WORK INSTRUCTIONS
Before printing, remove every picture; then print the lines below exactly, from the first line through the line containing "The extraordinary expenditure".

ENTRIES PROVIDED
------------------------------------------------------------

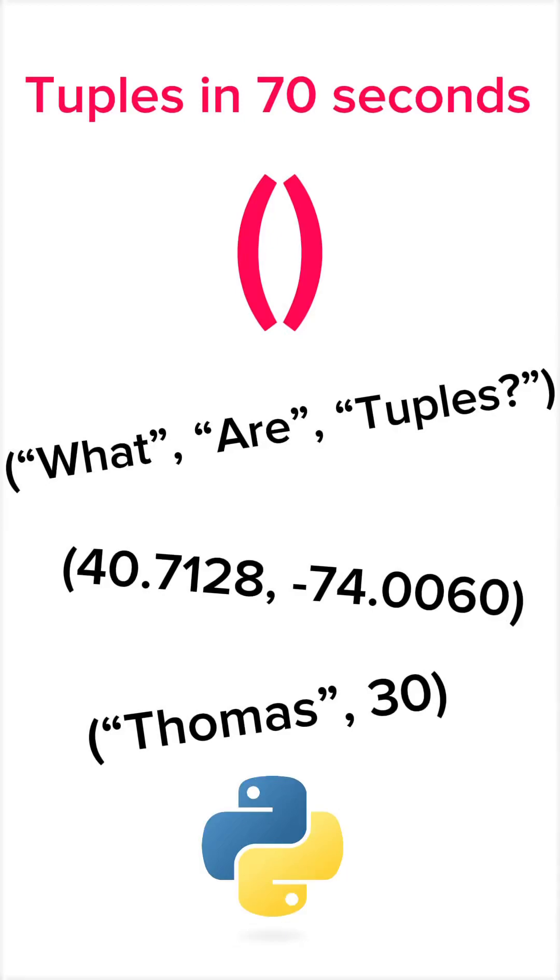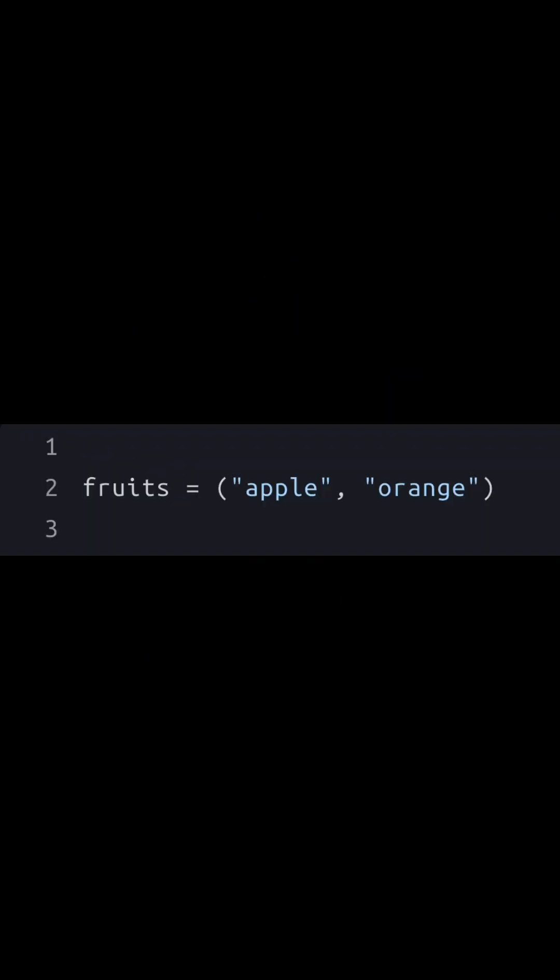Understand Python tuples in 70 seconds. A tuple is a collection of ordered and unchangeable elements and is denoted with regular brackets. Say we have a tuple of fruits.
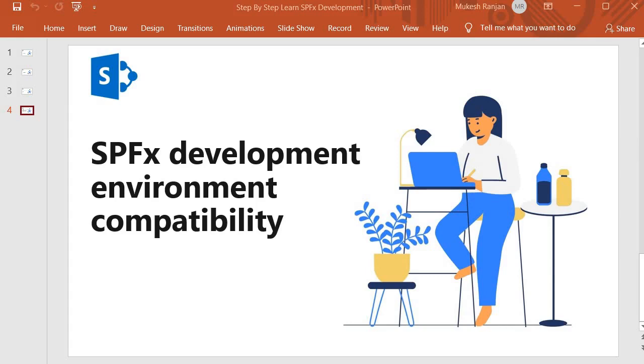Hello guys, welcome back. In this session, we are going to discuss SPFx development environment compatibility.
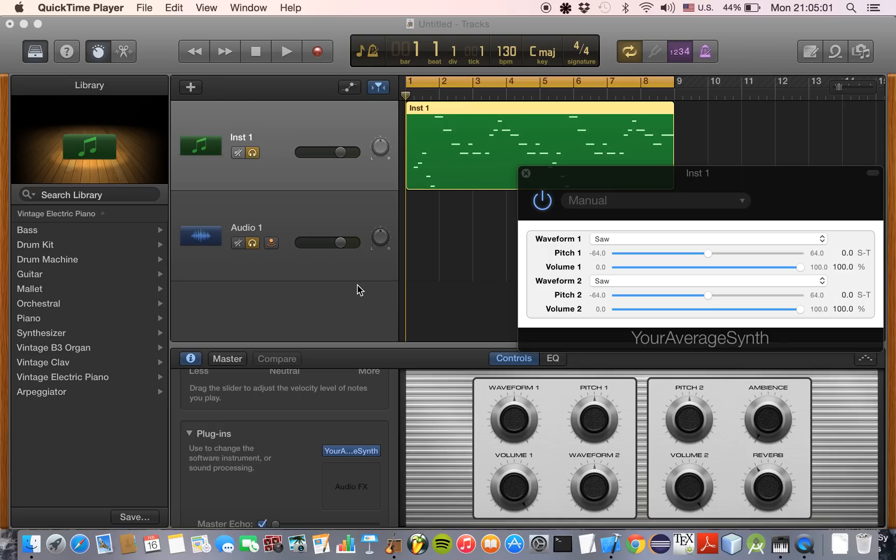Hey, what's up YouTube? I'd like to show you a plugin I made called Your Average Synth, which is what I programmed in Xcode.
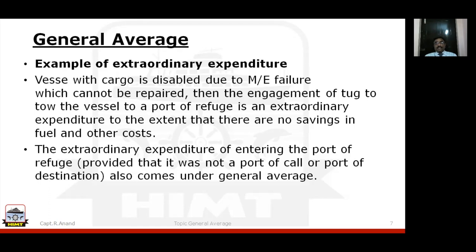The extraordinary expenditure of entering a port of refuge — provided it was not a planned port of call or port of destination — also comes under general average. If you are diverting to a port of refuge, that comes under general average.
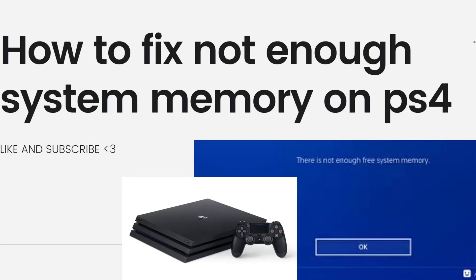Welcome! In this tutorial, I'm going to show you how to fix not enough system memory on PS4. If you want to know how I did it, just keep on watching.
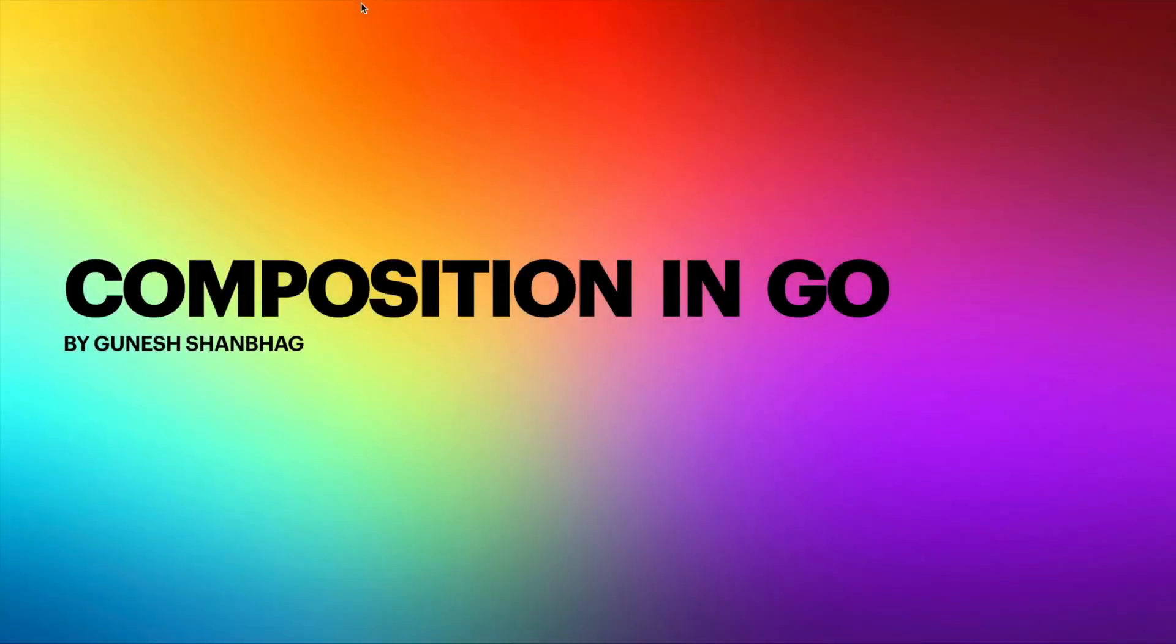Hello and welcome to a new video in Golang Tutorial for Beginners. In today's video, we'll look at composition in Golang.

------------------------------------------------------------

EXERCISE OUTPUT
Understand Python tuples in 70 seconds. A tuple is a collection of ordered and unchangeable elements and is denoted with regular brackets. Say we have a tuple of fruits.
Hello guys, welcome back. In this session, we are going to discuss SPFx development environment compatibility.
Hey, what's up YouTube? I'd like to show you a plugin I made called Your Average Synth, which is what I programmed in Xcode.
The extraordinary expenditure of entering a port of refuge — provided it was not a planned port of call or port of destination — also comes under general average. If you are diverting to a port of refuge, that comes under general average.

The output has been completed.